Clicking either button will lead you to a fake Google login page—also hosted on sites.google.com. While the person who reported the scam didn’t enter any credentials, it’s clear the goal is to steal your Google login details and then redirect you to a legitimate Google page to avoid raising suspicion.
Here’s What Makes This Scam So Convincing
Even though the fake login page is visually identical to Google’s real sign-in screen, you can spot the difference by checking the URL. Real Google login pages are always hosted at accounts.google.com, not sites.google.com.
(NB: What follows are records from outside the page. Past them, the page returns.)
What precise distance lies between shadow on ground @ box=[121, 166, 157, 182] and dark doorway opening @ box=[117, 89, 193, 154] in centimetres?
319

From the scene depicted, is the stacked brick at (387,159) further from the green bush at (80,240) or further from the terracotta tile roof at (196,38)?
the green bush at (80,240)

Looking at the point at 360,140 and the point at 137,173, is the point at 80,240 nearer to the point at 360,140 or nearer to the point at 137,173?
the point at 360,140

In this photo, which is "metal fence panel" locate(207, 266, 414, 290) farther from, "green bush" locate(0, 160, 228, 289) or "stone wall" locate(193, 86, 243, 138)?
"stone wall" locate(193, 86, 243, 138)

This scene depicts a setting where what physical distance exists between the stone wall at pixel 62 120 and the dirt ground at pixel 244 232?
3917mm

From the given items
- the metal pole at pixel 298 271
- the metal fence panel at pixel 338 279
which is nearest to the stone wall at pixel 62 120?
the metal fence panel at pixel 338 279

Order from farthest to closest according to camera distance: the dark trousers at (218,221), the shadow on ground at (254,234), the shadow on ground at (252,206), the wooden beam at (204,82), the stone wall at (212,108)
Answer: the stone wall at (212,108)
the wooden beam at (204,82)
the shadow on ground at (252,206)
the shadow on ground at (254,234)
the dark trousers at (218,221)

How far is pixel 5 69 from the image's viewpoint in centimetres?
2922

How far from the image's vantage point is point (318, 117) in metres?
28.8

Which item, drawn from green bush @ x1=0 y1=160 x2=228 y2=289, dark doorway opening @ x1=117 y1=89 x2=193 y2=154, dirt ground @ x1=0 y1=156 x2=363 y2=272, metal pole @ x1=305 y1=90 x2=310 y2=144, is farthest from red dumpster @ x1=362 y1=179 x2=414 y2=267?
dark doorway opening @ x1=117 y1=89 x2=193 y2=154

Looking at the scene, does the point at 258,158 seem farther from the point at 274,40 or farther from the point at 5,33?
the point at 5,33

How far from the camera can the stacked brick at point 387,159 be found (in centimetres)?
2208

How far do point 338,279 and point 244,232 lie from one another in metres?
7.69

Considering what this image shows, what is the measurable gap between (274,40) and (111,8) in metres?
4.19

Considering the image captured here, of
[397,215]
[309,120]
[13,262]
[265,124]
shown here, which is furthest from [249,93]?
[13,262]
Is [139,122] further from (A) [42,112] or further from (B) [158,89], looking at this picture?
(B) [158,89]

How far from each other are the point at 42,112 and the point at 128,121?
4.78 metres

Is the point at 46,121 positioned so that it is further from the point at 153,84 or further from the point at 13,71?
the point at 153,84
There are two other red flags in the email:
- Email Header Mismatch: Although the email appears to be signed by Google, it actually originated from a privateemail.com address and was sent to a strange address like
me@googl-mail-smtp-out-192-.168-142-125-38-prod.net - Suspicious Footer Content: At the bottom of the message, there’s excessive white space followed by a line stating, “Google Legal Support was granted access to your Google Account,” again referencing that odd email address.
When Google’s Own Tools Are Used Against You
The scam works so well because it leverages Google’s own services, including Gmail and Google Sites. Since the phishing page is hosted on sites.google.com, the domain looks trustworthy—even though it’s being used maliciously.
Google Sites is a legitimate platform that allows users to create and publish webpages under the Google domain. Unfortunately, it also allows the use of custom scripts and embeds, which scammers exploit to build convincing phishing pages. Worse, even when Google takes down a phishing page, the attackers can just create another one quickly.
In this case, the real issue lies with the email itself—and unfortunately, Google doesn’t seem to see it that way.
Google's Response: “Working As Intended”
The original bug report was submitted to Google, but the company closed it, stating that the feature is functioning as expected. They also said they don’t consider this a security issue, which means we can likely expect more scams like this in the future.
Stay Safe: What You Can Do
Until Google tightens its policies around these types of scams, it’s up to users to stay alert. Here are some quick tips:
Check the sender’s address carefully, especially in the email header.
Be suspicious of any email that includes a link to sites.google.com instead of accounts.google.com for login.
If something feels off, don’t click links directly—go to Google.com and sign in manually to check for alerts.
Report suspicious emails to Google via the Gmail “Report phishing” feature.